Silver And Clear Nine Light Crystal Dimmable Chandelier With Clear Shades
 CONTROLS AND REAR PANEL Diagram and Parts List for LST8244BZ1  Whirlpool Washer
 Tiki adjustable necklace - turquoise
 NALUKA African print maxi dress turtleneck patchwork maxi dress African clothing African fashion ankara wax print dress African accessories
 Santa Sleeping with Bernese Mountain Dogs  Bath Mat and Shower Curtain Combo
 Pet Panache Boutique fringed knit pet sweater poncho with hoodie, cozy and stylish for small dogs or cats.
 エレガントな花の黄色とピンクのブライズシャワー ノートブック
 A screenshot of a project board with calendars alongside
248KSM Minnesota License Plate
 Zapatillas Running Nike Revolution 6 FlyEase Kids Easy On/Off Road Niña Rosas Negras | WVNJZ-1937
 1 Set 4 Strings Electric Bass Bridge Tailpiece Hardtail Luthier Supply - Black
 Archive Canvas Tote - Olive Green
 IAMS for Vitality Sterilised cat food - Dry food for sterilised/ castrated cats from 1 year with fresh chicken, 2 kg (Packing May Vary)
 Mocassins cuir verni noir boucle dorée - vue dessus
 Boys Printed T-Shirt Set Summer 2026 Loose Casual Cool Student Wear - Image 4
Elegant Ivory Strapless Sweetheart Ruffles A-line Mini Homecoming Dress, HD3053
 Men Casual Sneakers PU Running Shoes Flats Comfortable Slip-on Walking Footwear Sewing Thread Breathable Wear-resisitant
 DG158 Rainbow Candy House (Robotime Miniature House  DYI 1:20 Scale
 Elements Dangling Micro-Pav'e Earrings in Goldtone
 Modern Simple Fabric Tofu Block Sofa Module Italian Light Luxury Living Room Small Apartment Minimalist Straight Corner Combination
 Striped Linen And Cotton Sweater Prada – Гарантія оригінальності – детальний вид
:::
Lines of the listing above that hold the string "Running" should each be copied.

## Result below:
 Zapatillas Running Nike Revolution 6 FlyEase Kids Easy On/Off Road Niña Rosas Negras | WVNJZ-1937
 Men Casual Sneakers PU Running Shoes Flats Comfortable Slip-on Walking Footwear Sewing Thread Breathable Wear-resisitant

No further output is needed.